#### [Data]
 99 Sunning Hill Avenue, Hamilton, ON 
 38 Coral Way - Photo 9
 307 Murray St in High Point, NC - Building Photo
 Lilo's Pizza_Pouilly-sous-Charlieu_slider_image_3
--
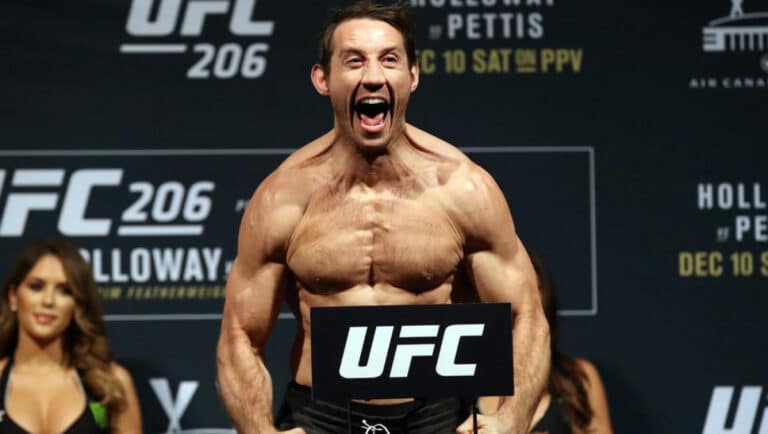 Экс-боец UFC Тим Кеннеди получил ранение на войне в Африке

#### [Exercise]
Within the data, how many lines hold "Photo"? Respond with only the number.

#### [Written reply]
2